そして、そのままローンダート。地面に手を付き、体を跳ね上げる。その腹のスレスレを熱線が通り過ぎる。
「ハッ」
勢いで、そのままバク宙を決めた。コレは熱線を躱すためではなく、ただの勢い。
普通は余計なばかりのアクションが、星獣の狙いを攪乱した。無数の熱線は悉く狙いを外し、全ての熱線は空振り、ひとつに集中してしまう。
即ち、星獣の周りはがら空き。着地の衝撃で低く構えた田中が、獲物を見定め、柄に手を掛ける。
「シッ!」
一瞬で、十歩の距離をゼロにする。
しかし、相手はマグマより尚、白熱するエネルギーのカタマリ。
斬れるハズもない。剣を振るう田中だって跳ね上がったテンションに体を突き動かされただけ。
そして、星獣自身もまた、斬られるとは夢にも思って居なかった。
間近に田中の接近を許すまでは。
星獣の鋭い感覚は、田中の姿を完全に捉えていた。
体内で練り上げ、活力とした魔力の動きも、ぶ厚いゴムの様に、引き絞られた筋肉の躍動も。
目の前の石畳で、しゃがんだような低い姿勢で刀に手を掛けた瞬間も、つぶさに感じた。
そして、悟った。
自分はココで死ぬのだと。
ただの鉄で出来た刀である。それが、確かにエネルギーを斬り裂いていく。
振り抜いた刀は、星獣の体を突き抜けた。
コツンと軽く、でも確かな手応え。星獣の魔石を斬ったのだ。
「アッチィィ」
勿論、刀は溶けてしまった。慌てて手放すが、火傷を負った。ソレほどの温度。
引き替えにズブズブと星獣は溶けていく。その巨体には、もうなんの力も籠もっていなかった。
「やった! やったぜ!」
田中はこぶしを握る。
超常の戦い。自分は手が出ないと思っていた相手。そこに手が届いた。
今なら、斬れなかったモノも斬れそうな気がして、思わず脇差に手が伸びる。
馬鹿な考えだ、田中はすぐに冷静になって頭を振った。
まずは助けるのが優先だ。
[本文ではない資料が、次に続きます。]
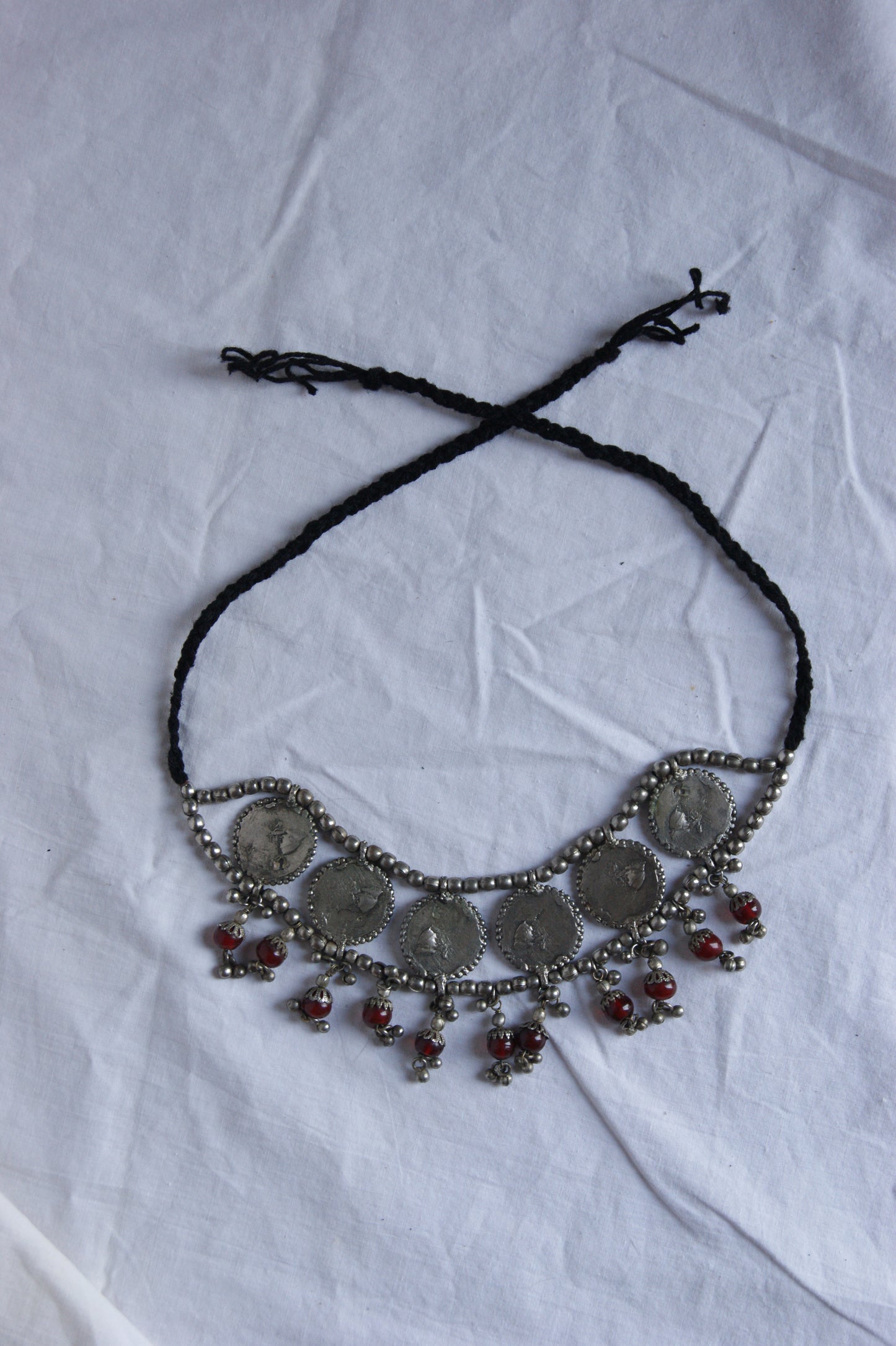 Antique Indian Multi-Wear Silver Choker with Mirror Work & Carnelian Beads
斬るのは後でも構わない。
ユマ姫は神殿に押し込めたまま、あの熱線の巻き添えを食ってなきゃ良いのだが、とまで考えて、田中はあのお姫様に限ってそんな訳ないと、ひとり笑った。
しかし、笑えたのもココまでだった。
「ンだこれ!」
神殿の入り口が、閉まっていた。それも石壁の大質量で。これでは、もう何人も立ち入れない。
何かが、始まろうとしていた。
◇ ◇ ◇ ◇ ◇ ◇ ◇ ◇ ◇
「もう、終わりね」
その時、神殿の地下遙か深くに隠された古代人のプラント。
その最深部で、ひとりの女性が諦観のため息を漏らしていた。
「もう誰も、世界の終わりを止められない」
ゼナだ、古代人プラント責任者、最後の生き残りとして、ギリギリまでプラントの管理をしていた。魔力を大量に放出し、プラントの内圧が上がりすぎるのを防ごうとしていた。
そのゼナが隔壁の全てを閉めた。その意味はひとつ。
「もう、破局爆発は避けられない」
惑星のエネルギーが暴走する。それは噴火よりも尚酷い。空は灰に覆われ、大地は灼熱のマグマで満ちるだろう。地下だって殺人的な魔力が吹き荒れる。
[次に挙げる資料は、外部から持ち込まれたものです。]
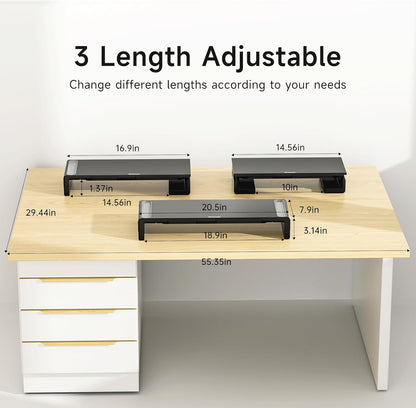 OImatser Monitor Stand Riser 3.0 USB HUB, Type-C Data Port, Foldable Computer Monitor Riser, Adjustable Length Computer Stand and Storage Drawer & Pen Slot, Phone Stand for Computer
もう、この世界にはどんな人間だって生きられなくなる。
破滅的な爆発を少しでも和らげるため、ゼナは隔壁を閉じたのだ。それだって、どこまで意味があるか解らない。却って酷い事になるかもしれない。
「最後に、会いたかったな」
最愛の夫、それに愛しい我が子。
リクライニングを思いきり倒し、見上げる天井は見飽きた白色。浮かんだ涙で視界が歪む。
歪んだ視界の端っこで、何かが動いた。いよいよ幻覚? それとも異常なエネルギーの暴走を前に、施設が壊れ始めたか?
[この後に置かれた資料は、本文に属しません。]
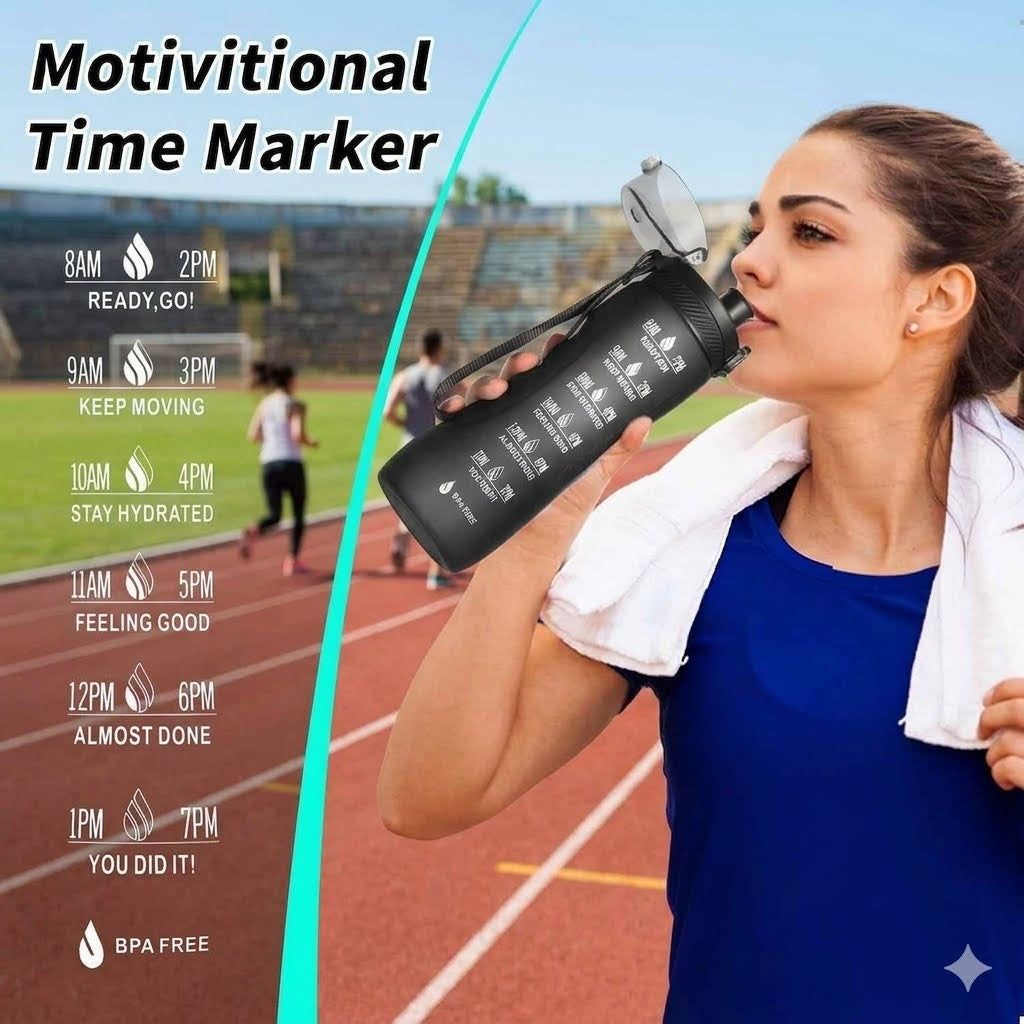 25oz Leakproof Sports Water Bottle with Time Marker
ガコンと軽い音がひとつ、ダクトの蓋が外れてしまった。
「お邪魔しまーす」
「え?」
中から這い出して来たのは、ユマ姫だった。これにはゼナも意味が解らない。
「ど、どうやって? だって、ココは、全部隔壁も閉めたのに」
「え? どこです? ココ」
「あなた……」
呆れてしまう。偶然迷い込んだ? そんな事があり得るのか? いや、あり得ない。
「だって、隔壁が、侵入を報せるアラームもあったでしょ?」
「隔壁って、なんでしたっけ? アラーム? 警報ですか?」
そこから? ゼナは飛び出しそうな悲鳴を必死に飲み込んだ。
「扉よ! 絶対開かないようにした扉!」
「扉? 私扉を開けるの苦手なんですよね」
へへっと舌を出して、ユマ姫は笑った。なにせ幼少期から非力だったユマ姫は自分で扉を開ける習慣すらない。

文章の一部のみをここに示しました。